ROSE BY ANOTHER NAME

by Professor Revilo P. Oliver

December 1985

Last April, "National Review" carried a significant article. Professor William R. Hawkins, a professional economist, in "Neomercantilism: Is there a Case for Tariffs?" took his departure from the fact that America's industrial potential has been partly destroyed already by the internationalist gang and will soon be completely lost. Without stressing the connection, he notes that the obvious result will make the United States incapable of defending itself against any enemy. He forbore to remark that that is the obvious goal of the cosmopolitan gangsters.

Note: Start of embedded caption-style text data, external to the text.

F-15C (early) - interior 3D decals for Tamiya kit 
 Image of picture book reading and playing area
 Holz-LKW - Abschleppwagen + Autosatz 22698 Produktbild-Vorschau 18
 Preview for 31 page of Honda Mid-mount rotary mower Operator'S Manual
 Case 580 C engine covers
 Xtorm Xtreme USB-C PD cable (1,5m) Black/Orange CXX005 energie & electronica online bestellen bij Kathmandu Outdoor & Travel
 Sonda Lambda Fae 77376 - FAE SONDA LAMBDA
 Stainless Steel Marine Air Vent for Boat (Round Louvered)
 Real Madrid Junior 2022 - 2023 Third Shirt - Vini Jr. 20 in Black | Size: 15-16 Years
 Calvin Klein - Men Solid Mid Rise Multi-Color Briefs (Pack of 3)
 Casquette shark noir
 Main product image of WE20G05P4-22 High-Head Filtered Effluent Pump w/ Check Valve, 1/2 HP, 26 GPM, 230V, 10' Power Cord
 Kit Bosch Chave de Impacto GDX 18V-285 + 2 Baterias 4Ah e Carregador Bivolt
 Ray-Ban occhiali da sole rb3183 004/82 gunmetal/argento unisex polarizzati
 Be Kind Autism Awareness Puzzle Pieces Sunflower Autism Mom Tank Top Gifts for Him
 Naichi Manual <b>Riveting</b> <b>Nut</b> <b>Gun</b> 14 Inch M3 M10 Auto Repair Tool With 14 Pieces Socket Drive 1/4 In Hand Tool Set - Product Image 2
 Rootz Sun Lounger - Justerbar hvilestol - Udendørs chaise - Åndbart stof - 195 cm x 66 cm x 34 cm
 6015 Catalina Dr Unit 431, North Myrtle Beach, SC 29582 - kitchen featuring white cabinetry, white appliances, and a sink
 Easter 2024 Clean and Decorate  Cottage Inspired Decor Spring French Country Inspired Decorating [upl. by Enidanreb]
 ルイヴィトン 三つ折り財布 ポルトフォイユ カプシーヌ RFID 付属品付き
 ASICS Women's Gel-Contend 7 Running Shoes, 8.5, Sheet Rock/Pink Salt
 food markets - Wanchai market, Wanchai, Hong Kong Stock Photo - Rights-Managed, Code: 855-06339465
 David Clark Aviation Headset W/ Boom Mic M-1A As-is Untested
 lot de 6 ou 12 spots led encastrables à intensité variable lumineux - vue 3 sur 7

He also paid his respect to the "libertarians," those nice boys who so enjoy living in a dream world of romantic fantasies derived from Rousseau and talk about what "ought" to be true, if the world is what they want it to be, peopled with jolly good fellows, who will live happily in a jolly anarchy.

He enforces his argument for economic control exerted by a government that would have regard for the interests of the American people by pointing out that the Spanish Empire destroyed itself in the Seventeenth Century by precisely the policies that are touted as "progressive" today. (He could have added that the first Professorship of Social Science in the whole world was founded in 1625 by King Philip IV as part of the Estudios de Madrid, and that Spain was full of theorists ("arbitristas)," who, with three or four exceptions, were no more intelligent than the "Liberal Intellectuals" who afflict us today.)

What he proposes for such a government (assuming we could have one) is what he calls "Neomercantilism," a policy designed to restore, by governmental action, American industry, instead of continuing to dismantle it. "The purpose of a mercantile strategy," he says, "is to determine the core economic needs of the nation, then create an environment in which entrepreneurs can flourish while fulfilling those needs." And he elaborates that policy in considerable detail.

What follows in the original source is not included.